Linked lists are one of the most commonly used data structures in any programming language. In this article, we will study linked lists in detail. We will see what are the different types of linked lists, how to traverse a linked list, how to insert and remove elements from a linked list, what are the different techniques to sort a linked list, how to reverse a linked list and so on.

### What is a Linked List?

Before we study what are linked lists, let's first briefly review how Arrays store data. In arrays, the data is stored at contiguous memory locations. For instance, if the first item in the array is stored at index 10 of the memory and is of size 15 bytes, the second item will be stored at index 10+15+1 = 26th index. Therefore, it is straight forward to traverse an array.

To find the third item in an array, you can simply use the starting index of the first item, plus the size of the first item, plus the size of the second item, plus 1.

#### How Linked Lists Store Data

Linked Lists, on the other hand, are different. Linked lists, do not store data at contiguous memory locations. For each item in the memory location, linked list stores value of the item and the reference or pointer to the next item. One pair of the linked list item and the reference to next item constitutes a node.

For instance, if a node consists of 34|10, it means that the value of the node is 30, while the next item is stored at the memory location "10". In order to traverse a linked list, you just need to know the memory location or reference of the first node, the rest of nodes can be sequentially traversed using the reference to the next element in each node.

The reference to the first node is also known as the start node.

• A linked list is a dynamic data structure which means that the memory reserved for the link list can be increased or reduced at runtime.

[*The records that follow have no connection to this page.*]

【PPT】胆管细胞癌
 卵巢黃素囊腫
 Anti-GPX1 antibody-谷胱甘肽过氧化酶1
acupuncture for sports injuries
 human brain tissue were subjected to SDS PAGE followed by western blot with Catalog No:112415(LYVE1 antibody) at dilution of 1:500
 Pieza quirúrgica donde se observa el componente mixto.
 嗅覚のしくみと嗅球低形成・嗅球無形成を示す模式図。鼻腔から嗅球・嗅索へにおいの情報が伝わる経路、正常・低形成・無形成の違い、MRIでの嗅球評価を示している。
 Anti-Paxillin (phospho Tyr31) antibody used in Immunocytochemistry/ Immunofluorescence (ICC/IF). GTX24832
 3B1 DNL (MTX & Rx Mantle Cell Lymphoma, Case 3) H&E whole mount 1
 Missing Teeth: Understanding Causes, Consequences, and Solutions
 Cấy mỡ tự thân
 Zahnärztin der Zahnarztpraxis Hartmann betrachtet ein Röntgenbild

No memory is allocated for a linked list data structure in advance. Whenever a new item is required to be added to the linked, the memory for the new node is created at run time. On the other hand, in case of the array, memory has to be allocated in advance for a specific number of items. In cases where sufficient items are not available to fill all array index, memory space is wasted.
• Since arrays require contiguous memory locations, it is very difficult to remove or insert an item in an array since the memory locations of a large number of items have to be updated. On the other hand, linked list items are not stored in a contiguous memory location, therefore you can easily update linked lists.
• Owing to its flexibility, a linked list is more suitable for implementing data structures like stacks, queues, and lists.

However, there are some downsides to the linked list as well.

• Since each linked list item has to store the reference to the next item, some extra memory is required.
• Unlike Arrays, where you can directly access an item, you cannot access a linked list item directly since the only information you have is the reference to the first item. In Big O terms, worst-case access time is O(n).

In this series of articles, we will study the following types of linked lists along with their different functionalities.

In this first part of the article, we will focus on single linked list and its different operations.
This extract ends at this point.